If it landed on red 10 times in a row so far, the odds of landing another red on the next round are almost 50%. Gambler's fallacy is so much fun to observe at the tables though :)


Under the assumption that it is a fair table. So what is the likelihood that it is a fair table knowing that 1% of tables play 80% red?


In The Newtonian Casino (Might be called something else in the US) students who built computers in their shoes (in the 1970s!) to predict the outcome of roulette wheels discovered that lots of wheels had pretty severe tilts (which affected outcome) and that skilled croupiers had a "signature" -- they knew that particular wheel very well, and had practiced many times, and could increase their chance of hitting a particular number. (This is described in the chapter titled "Lady Luck").

It's a good book!

https://www.amazon.co.uk/Newtonian-Penguin-Science-29-Aug-19...


It's supposedly possible to predict to a reasonable degree of accuracy where a roulette ball will land if you know its speed (ie time it hits the wheel, and time to pass a predefined marker).

https://www.insidescience.org/news/physics-knowledge-can-til...


Also: Don't forget green. The 0 and 00 slices of the wheel are green because that's where the house makes their money.


I remember an experiment in high school math of some variety.

The teacher had us all "guess" what twenty coin flips would look like. The longest any streak any student wrote on their paper was maybe 4-ish in a row or something.

He then had us all actually flip the coins and record the results. One student had like 11 in a row, most hit a streak of somewhere between 5-8 of the same result.
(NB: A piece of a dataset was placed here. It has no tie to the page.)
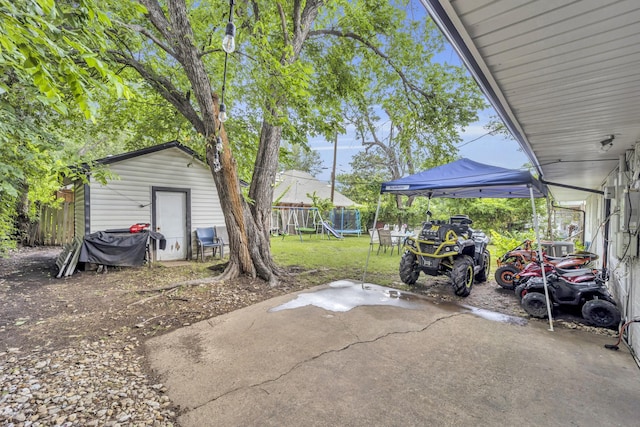 2605 Himes St, Irving, TX 75060 - view of patio / terrace featuring a trampoline and an outbuilding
Lesson learned, we're really bad at guessing 50/50 streaks.


Empirically, you should (~85% of the time) be seeing a streak of about 3-6; anything 8 or larger has a probability of about 1 in 20.


To a rough approximation, 20 coin flips gives you 16 chances to get a 1/16 probability event of 5 in a row of heads or tails, so the average number of 5-streaks is 1 per student. With 32 kids a class, add 5 more to the streak length to expect to see.